┌─ DATA PROVIDED

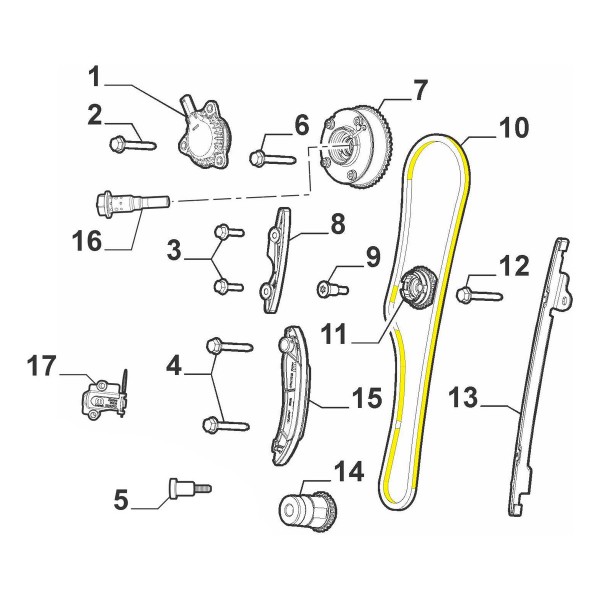 Corrente Comando Fiat Strada Firefly 1.3 2021 55267975 - Cinza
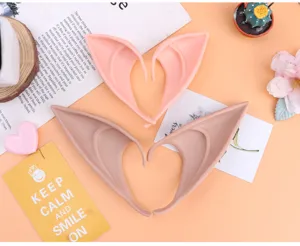 Detailed view of cute pink and brown elf ears cosplay props for party, soft material.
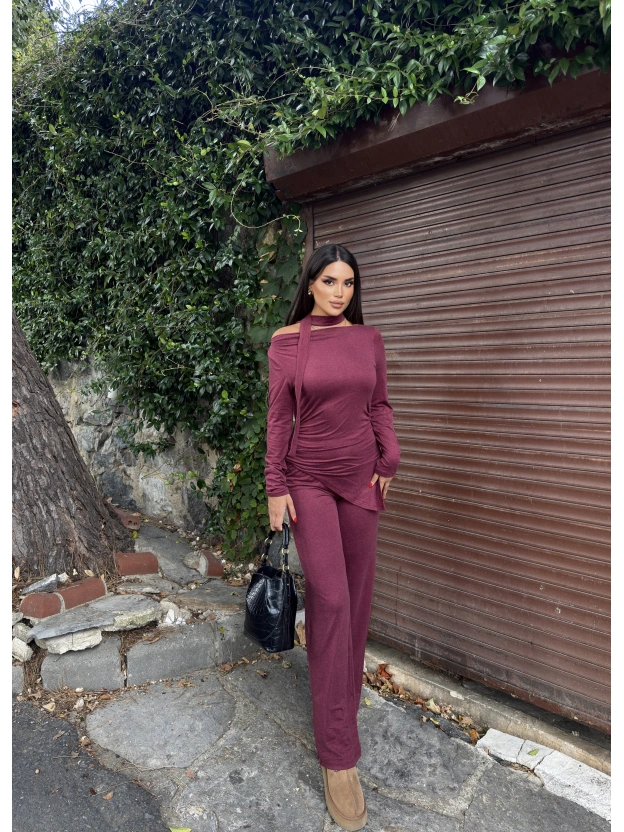 Bordo Fularlı Asimetrik İkili Takım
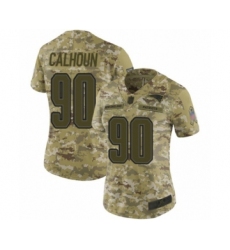 Women's New England Patriots #90 Shilique Calhoun Limited Camo 2018 Salute to Service Football Jersey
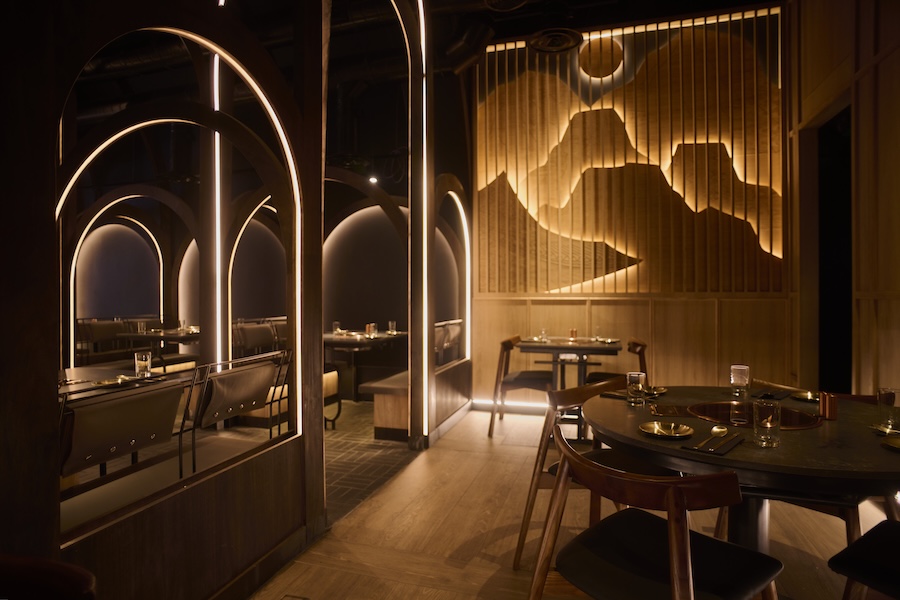 SOOM korean bbq barbecue london dining room backlit mountain mural archways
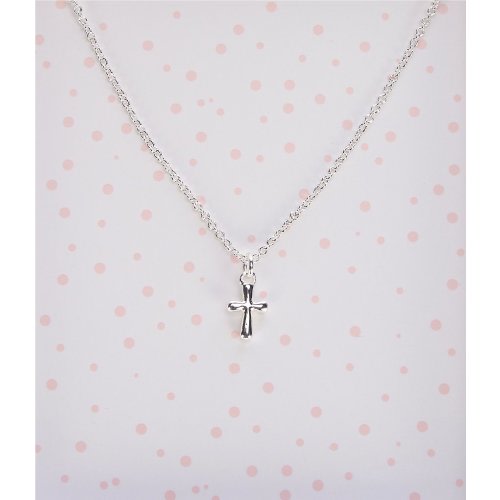 Mud Pie Baby Silver Cross Necklace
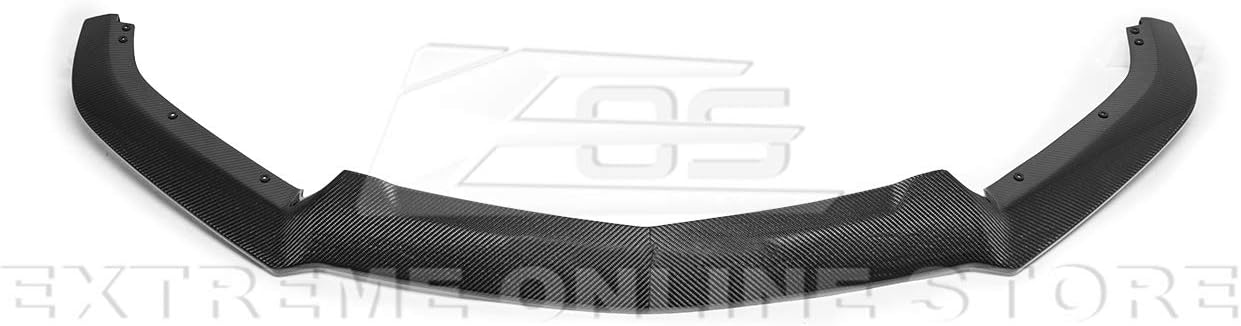 Replacement For 2014-2019 Cadillac CTS | V-Style Carbon Fiber Package Front Bumper Lower Lip Splitter (Carbon Fiber) - Image 7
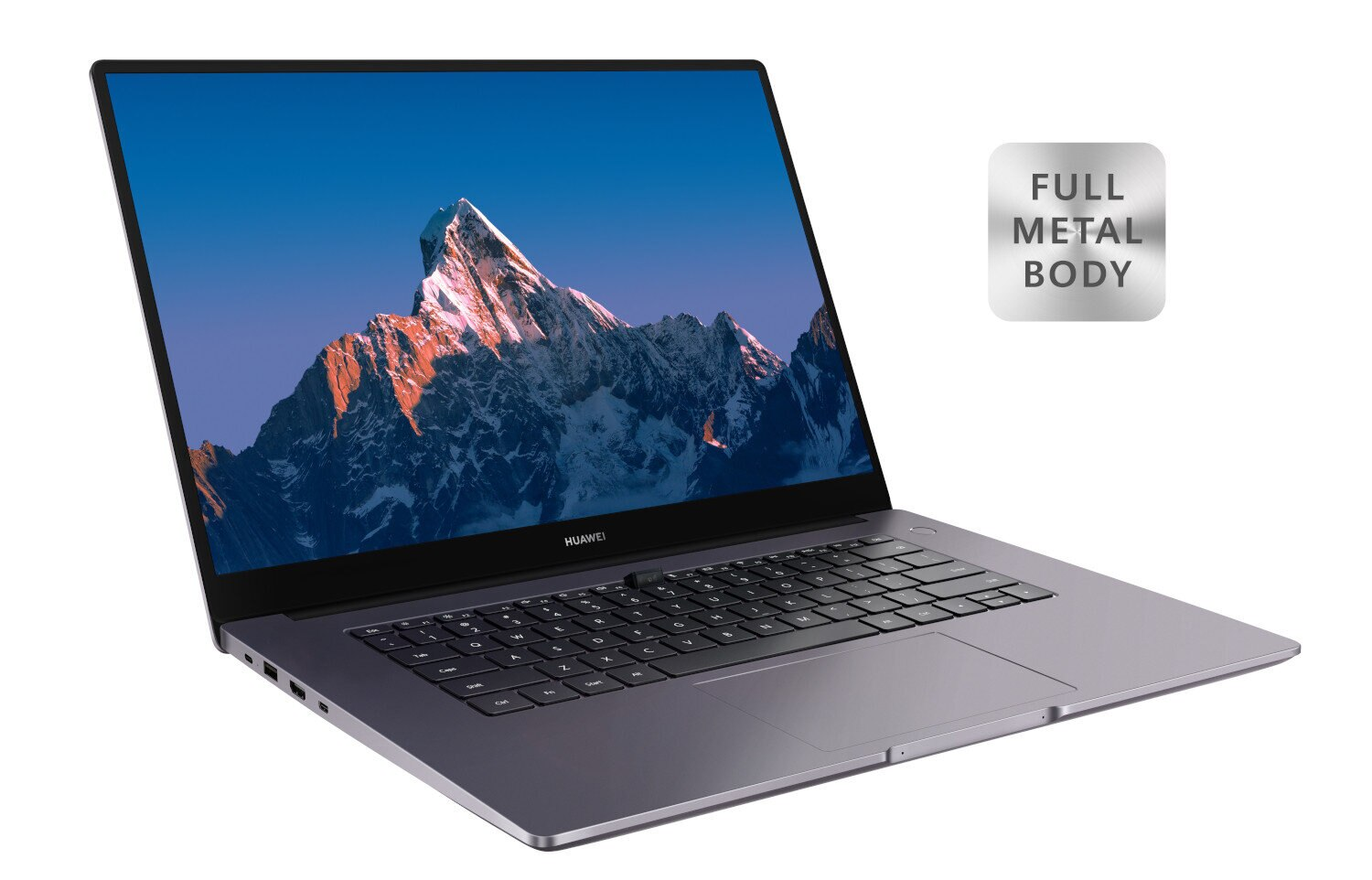 Laptop z ekranem pokazującym górski krajobraz. Widnieje odznaka 'FULL METAL BODY'.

└─

- TASK -
Nothing but the lines from the one containing "Bordo Fularlı Asimetrik İkili Takım" through the last line of the material may appear in the answer, transcribed exactly and with no pictures.

- SOLUTION FOR THIS PROBLEM -
 Bordo Fularlı Asimetrik İkili Takım
 Women's New England Patriots #90 Shilique Calhoun Limited Camo 2018 Salute to Service Football Jersey
 SOOM korean bbq barbecue london dining room backlit mountain mural archways
 Mud Pie Baby Silver Cross Necklace
 Replacement For 2014-2019 Cadillac CTS | V-Style Carbon Fiber Package Front Bumper Lower Lip Splitter (Carbon Fiber) - Image 7
 Laptop z ekranem pokazującym górski krajobraz. Widnieje odznaka 'FULL METAL BODY'.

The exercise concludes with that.